I began thinking about croissants all the time, and it wasn’t long before I was making them every day. I would make them at the restaurant; I would make them at home. I would test different times for proofing the dough, different times and temperatures for baking. There were so many variables, like dough temperature, for instance. You really need to keep the temperature of the dough below 58 degrees, so the butter doesn’t soften. We ended up freezing the flour, and in fact everything except the butter. Even our liquids were icy. The dough needed to rest for an hour at room temperature, and you didn’t want it to get past 60 degrees.

Then there was fermentation time, which produces flavor. But for how long? I would put the dough in the walk-in cooler for eight, twelve, fifteen hours, trying to decide which time produced the best flavor.

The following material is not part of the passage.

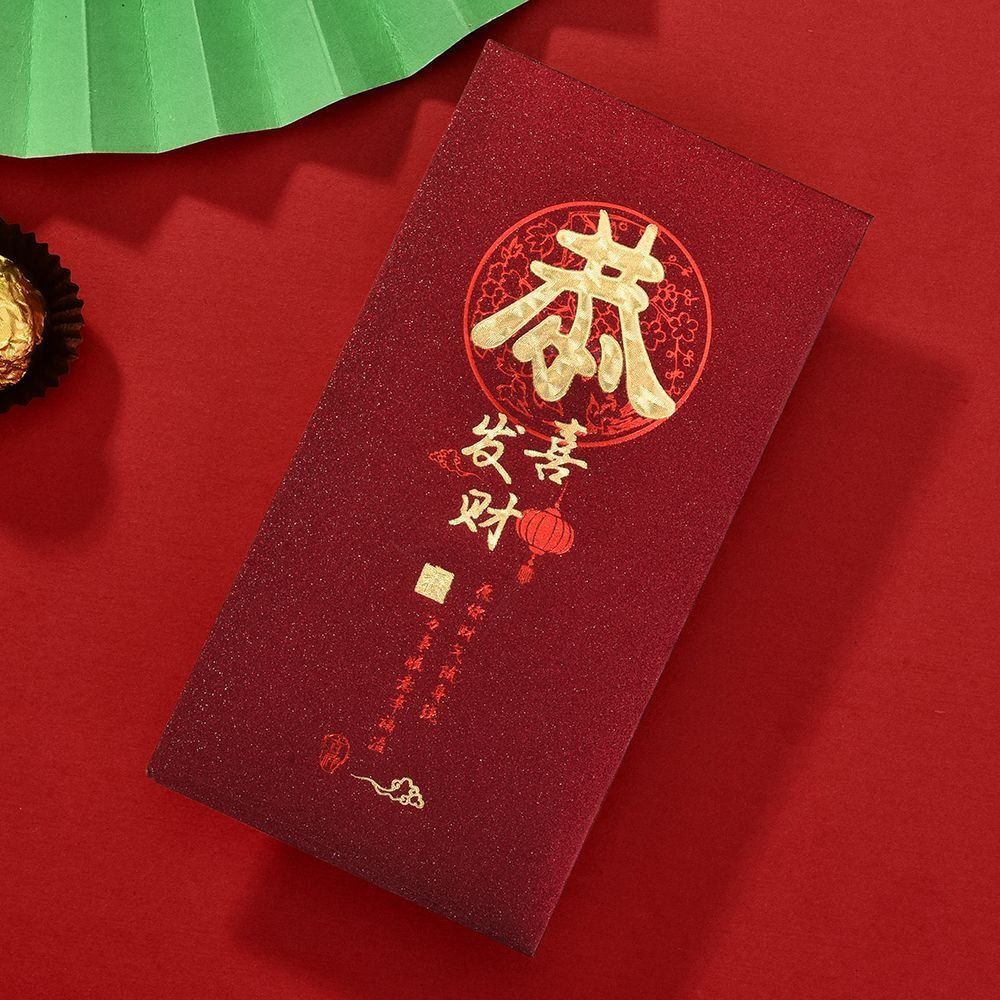 6pcs Hongbao New Year Red Envelopes Traditional 2025 Money Bags Money Pouches Red Packet  Bonus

And butter. For laminated pastries, which is what a croissant is, you need a high butterfat content. We ended up with this butter from France with 83 percent butterfat—most American butter is about 80 percent. It’s a fabulous product that subtly changes flavors throughout the year. The dairy is by the ocean, and in the winter, it has this nice, light salty flavor because the cows are eating salty grass. In the spring, they’re eating the flora on the mountain, and it tastes different.

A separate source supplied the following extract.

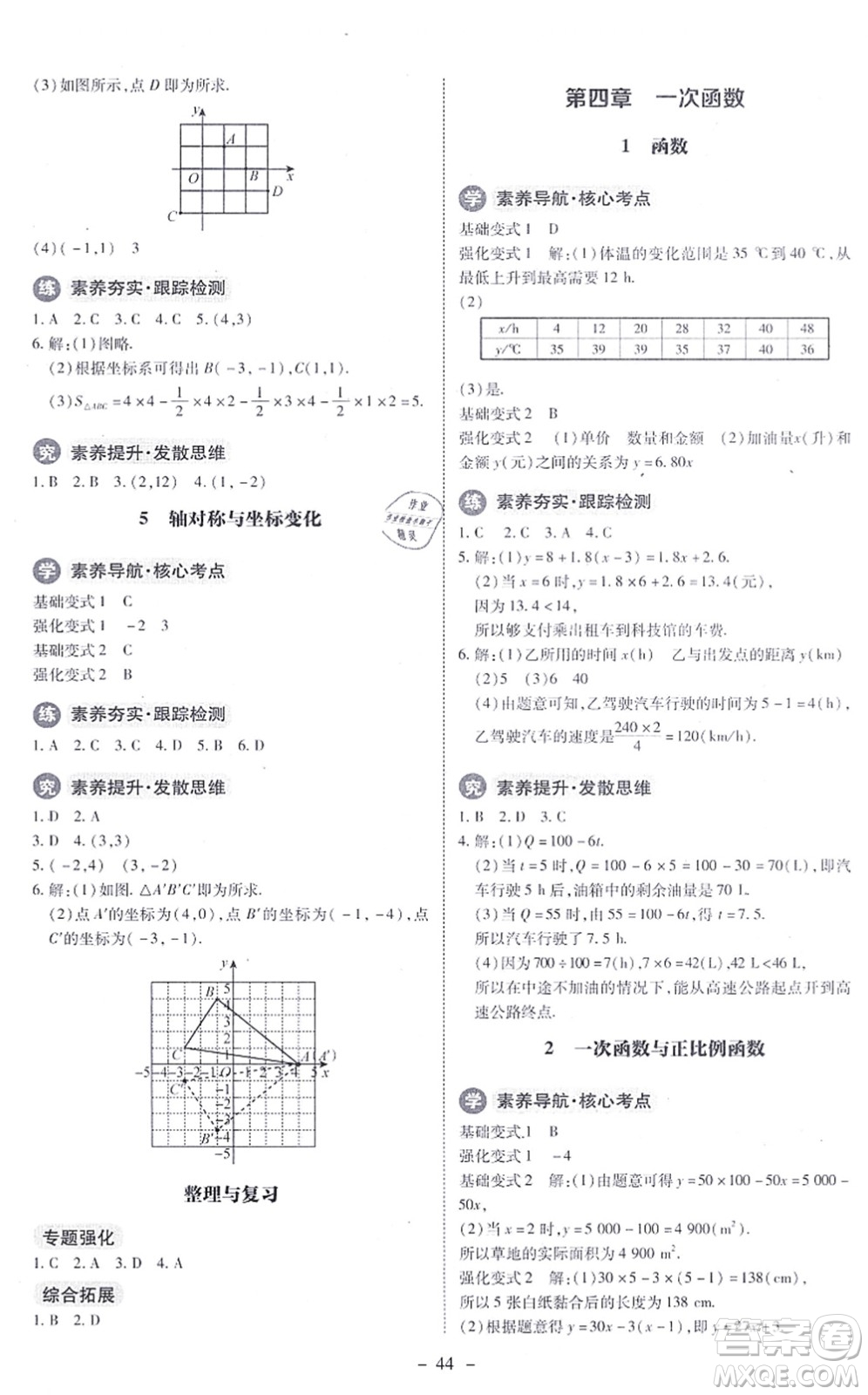 北京師范大學出版社2021課內(nèi)課外直通車八年級數(shù)學上冊北師大版答案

Every single element was something to work on. Daily humidity could affect how much liquid we used. Flour was crucial, and it seemed like I was always chasing down a different one. I would find the perfect flour, and the next time I ordered it, the company would be out of stock.

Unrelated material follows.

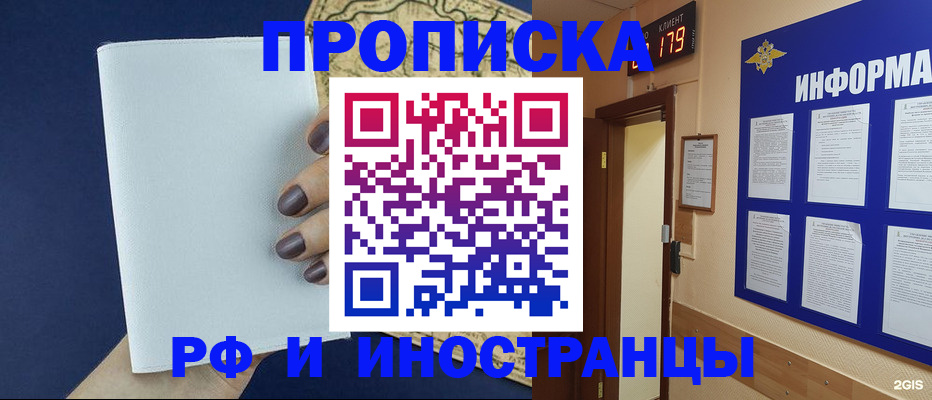 временная регистрация законно в Сураже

Trying to be perfect was a never-ending process that made a huge difference; the pastries got better, and it lifted my spirits. And then a completely random thing happened that made even more of a difference: in 2015 our oldest daughter ended up at a day care center where Aaron and Stacy Franklin—who own Franklin Barbecue, here in Austin—had also enrolled their daughter.

I was barely involved in the restaurant community at all then, because I just hadn’t had time to socialize. But during the pandemic, as we got to know each other better through day care, the two of them became our first real restaurant friends. They were part of our pod.

Aaron and I could relate because he’s a perfectionist like me, always tinkering with cooking times and temperatures, but Stacy was the one I could talk to about personal things. There are not a lot of women with small children who are restaurant owners. She understood what was going on with me. I felt, finally, someone hears me. My husband and I would be at their house all the time—well, when the restaurants were closed—laughing, eating, drinking negronis. In fact, Aaron is the one who got me to be serious about cocktails and that inspired us to start a bar program. The “Negroni AF” on the menu—that’s named for him.

He was also the inspiration for one of our really successful new products: the brisket croissant, which we first served during football season in 2022 and then again last year. It’s filled with just a little bit of shredded Franklin smoked brisket, a dab of cream cheese, and chopped candied jalapeños. We don’t make them all the time, just as an occasional special, but people seem to love them.

I’m really happy with the direction the restaurant is going now—something that seemed impossible not that long ago. We have an amazing chef de cuisine, Steven Rodriguez, who was formerly with Emmer & Rye. He is helping me come up with new dishes like gnocchetti with oyster mushrooms and fresh goat cheese and this wonderful roasted butternut squash with toasted pumpkin seeds. Our general manager, Katie Paschall, who previously worked with Hestia, is a level two sommelier with a serious coffee and tea background. She has started a daily tea service from Spirit Tea, this small, high-quality importer, and it’s been crazy how much people enjoy it. We’ll do it anytime somebody wants it, either hot or cold. And, of course, our pastry program is bigger than ever.

As for the long term, I have this new idea: walk-up coffee windows that also sell pastries at various places around town. Imagine: Franklin brisket croissants all over Austin. Wouldn’t that be amazing?